The problem is not limited to the capital; a spot check in Mombasa reveals dirt, waste and garbage existing side by side with the population. From the smell of Kibarani, the litter of Bondeni, to the neglect of Kongowea and VOK. Mombasa looks like a scene from hell.

WORLD BANK

The narrative rings true in Kisumu, Eldoret, Nakuru and Nyeri all the major towns in Kenya. And now, the World Bank says this development is slowing down our growth as a nation. In 2012, the country was bleeding about 1 per cent of its GDP due to poor sanitation. More importantly, the loss is more impactful on the GDP per capita.

Put in layman’s terms, GDP per capita of a nation is the share of each individual citizen to a country’s economic produce. By 2015, Kenya’s per capita stood at USD 1,245.

However, the pollution and poor sanitation is causing citizens more than they are willing to pay for. Poor sanitation leads to malaria, typhoid, bacterial infections and respiratory diseases. The cost of treating these diseases is high, whether for an individual or for a family member. Saved, this money could become a big investment.

WATER SOURCES

Additionally, because unchecked garbage destroys water sources, access to clean water has become a challenge. There are about 40 million people living in Kenya, of which about 17 million (43 per cent) do not have access to clean water. Nairobi county government is currently rationing its water, while Nairobi River is running with filth. If it was not contaminated, the river could be a source of water for some. The effect of this is that clean water has become expensive.

Expensive water further translates to high cost of doing business.

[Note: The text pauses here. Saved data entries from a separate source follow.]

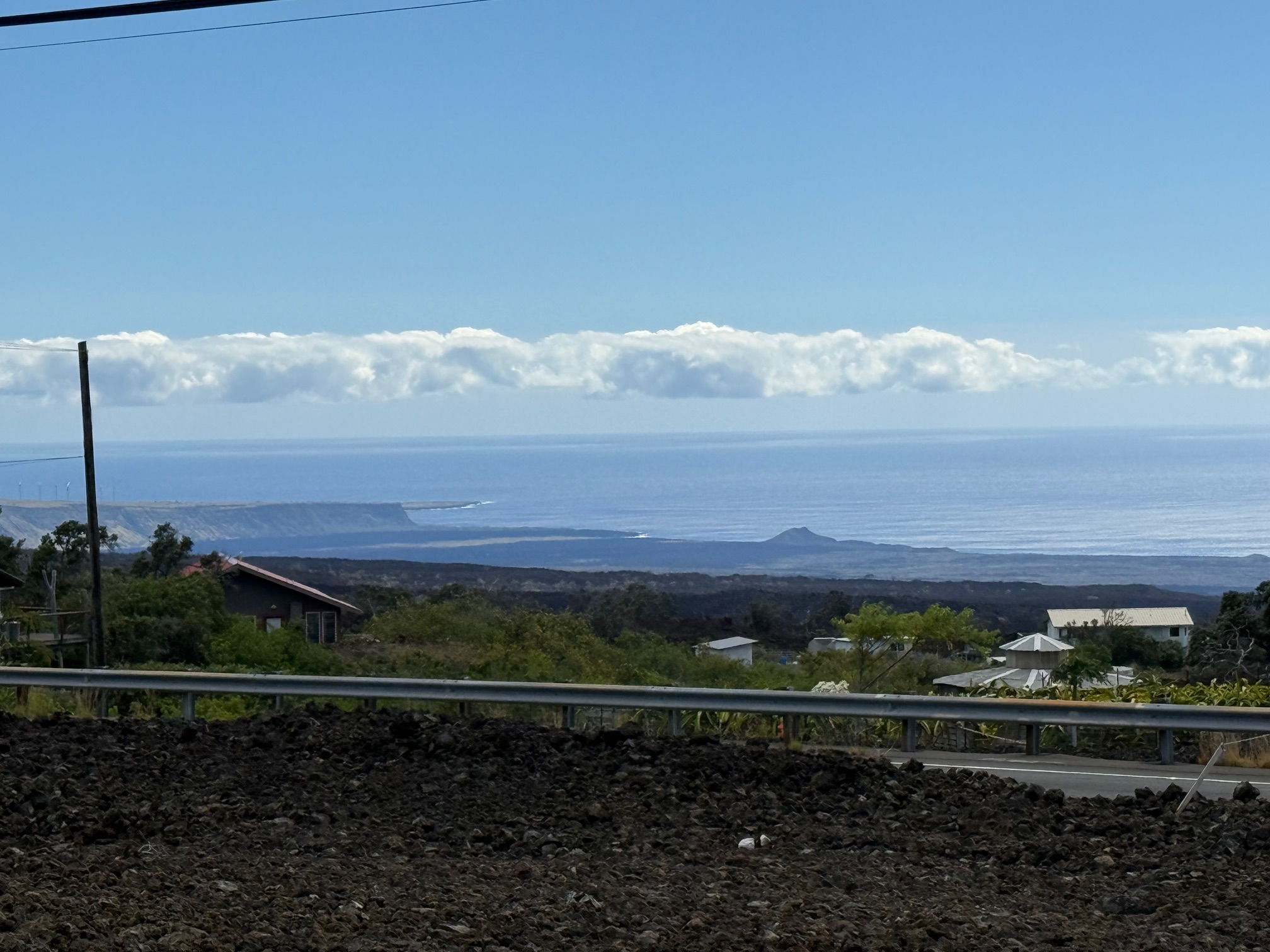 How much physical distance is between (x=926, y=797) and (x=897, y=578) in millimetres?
177933

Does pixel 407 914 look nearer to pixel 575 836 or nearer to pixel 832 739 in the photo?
pixel 575 836

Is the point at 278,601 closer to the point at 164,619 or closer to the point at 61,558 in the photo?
the point at 61,558

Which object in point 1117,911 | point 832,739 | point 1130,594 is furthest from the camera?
point 1130,594

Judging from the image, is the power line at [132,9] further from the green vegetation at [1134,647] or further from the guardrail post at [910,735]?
the green vegetation at [1134,647]

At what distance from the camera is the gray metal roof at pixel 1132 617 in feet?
266

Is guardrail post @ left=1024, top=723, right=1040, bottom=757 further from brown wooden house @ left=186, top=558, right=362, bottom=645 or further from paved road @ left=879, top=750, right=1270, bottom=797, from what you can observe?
brown wooden house @ left=186, top=558, right=362, bottom=645

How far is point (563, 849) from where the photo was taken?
840cm

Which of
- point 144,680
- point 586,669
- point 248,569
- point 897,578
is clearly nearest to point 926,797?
point 144,680

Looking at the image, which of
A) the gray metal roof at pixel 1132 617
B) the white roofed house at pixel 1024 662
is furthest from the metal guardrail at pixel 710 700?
the gray metal roof at pixel 1132 617

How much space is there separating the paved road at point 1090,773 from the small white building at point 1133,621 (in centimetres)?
6014

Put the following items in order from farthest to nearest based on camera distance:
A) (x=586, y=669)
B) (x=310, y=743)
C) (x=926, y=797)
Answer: (x=586, y=669)
(x=310, y=743)
(x=926, y=797)

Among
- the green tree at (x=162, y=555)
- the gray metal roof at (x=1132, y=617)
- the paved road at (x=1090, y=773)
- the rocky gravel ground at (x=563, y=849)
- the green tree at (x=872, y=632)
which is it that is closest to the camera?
the rocky gravel ground at (x=563, y=849)

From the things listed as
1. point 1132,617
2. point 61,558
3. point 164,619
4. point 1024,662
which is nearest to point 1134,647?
point 1024,662

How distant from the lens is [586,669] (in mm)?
27641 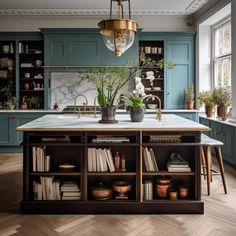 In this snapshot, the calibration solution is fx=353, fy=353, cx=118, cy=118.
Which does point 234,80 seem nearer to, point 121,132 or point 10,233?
point 121,132

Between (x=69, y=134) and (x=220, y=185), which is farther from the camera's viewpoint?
(x=220, y=185)

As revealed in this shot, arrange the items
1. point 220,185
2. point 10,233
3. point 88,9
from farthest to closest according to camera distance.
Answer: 1. point 88,9
2. point 220,185
3. point 10,233

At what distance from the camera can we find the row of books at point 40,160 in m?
3.67

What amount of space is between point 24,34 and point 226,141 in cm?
480

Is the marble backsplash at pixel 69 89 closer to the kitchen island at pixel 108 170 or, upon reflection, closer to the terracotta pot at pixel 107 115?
the terracotta pot at pixel 107 115

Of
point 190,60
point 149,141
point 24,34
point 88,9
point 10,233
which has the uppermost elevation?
point 88,9

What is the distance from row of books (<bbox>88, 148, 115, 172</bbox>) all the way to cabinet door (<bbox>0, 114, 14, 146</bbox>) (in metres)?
4.17

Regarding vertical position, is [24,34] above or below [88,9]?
below

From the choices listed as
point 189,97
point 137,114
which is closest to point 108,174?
point 137,114

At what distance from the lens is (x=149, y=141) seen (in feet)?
12.0

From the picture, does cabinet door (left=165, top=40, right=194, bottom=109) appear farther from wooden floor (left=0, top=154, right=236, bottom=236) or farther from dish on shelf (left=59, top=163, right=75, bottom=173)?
dish on shelf (left=59, top=163, right=75, bottom=173)

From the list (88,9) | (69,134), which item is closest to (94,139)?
(69,134)

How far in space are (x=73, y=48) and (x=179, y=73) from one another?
2.43 metres

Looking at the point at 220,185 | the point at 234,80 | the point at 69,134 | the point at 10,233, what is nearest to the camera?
the point at 10,233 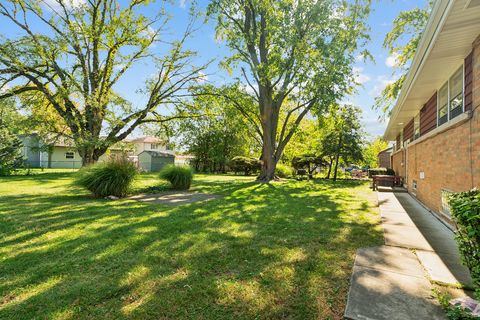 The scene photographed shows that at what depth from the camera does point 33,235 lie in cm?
418

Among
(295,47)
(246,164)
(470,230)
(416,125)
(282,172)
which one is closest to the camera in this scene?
(470,230)

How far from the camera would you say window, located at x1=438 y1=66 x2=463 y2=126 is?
535cm

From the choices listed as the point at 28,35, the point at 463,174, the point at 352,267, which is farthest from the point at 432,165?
the point at 28,35

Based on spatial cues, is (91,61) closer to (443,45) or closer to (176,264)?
(176,264)

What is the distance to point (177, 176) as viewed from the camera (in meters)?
10.5

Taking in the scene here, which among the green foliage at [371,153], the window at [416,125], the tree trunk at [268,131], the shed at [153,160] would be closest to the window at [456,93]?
the window at [416,125]

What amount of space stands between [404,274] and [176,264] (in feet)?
9.02

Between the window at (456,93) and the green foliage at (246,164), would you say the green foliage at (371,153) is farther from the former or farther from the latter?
the window at (456,93)

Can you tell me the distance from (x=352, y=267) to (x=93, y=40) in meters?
18.3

Industries need water for production and while they are the number one water pollutants, they are also victims as they spend more to access clean water to use in production.

To mitigate these problems and create access to water, the government spends billions of shillings building dams and drilling boreholes; money that could be used in other development activities. Of course this cost is passed on to the populace as more tax.

A clean environment is not just a feel-good social phenomenon; it is an economic issue that has a make-or-break potential on a country. While governments have a role to play in solving the problem, individuals have a greater responsibility knowing that they bear a greater economic burden.

Odhiambo Ramogi is chief executive officer, Elim Capital.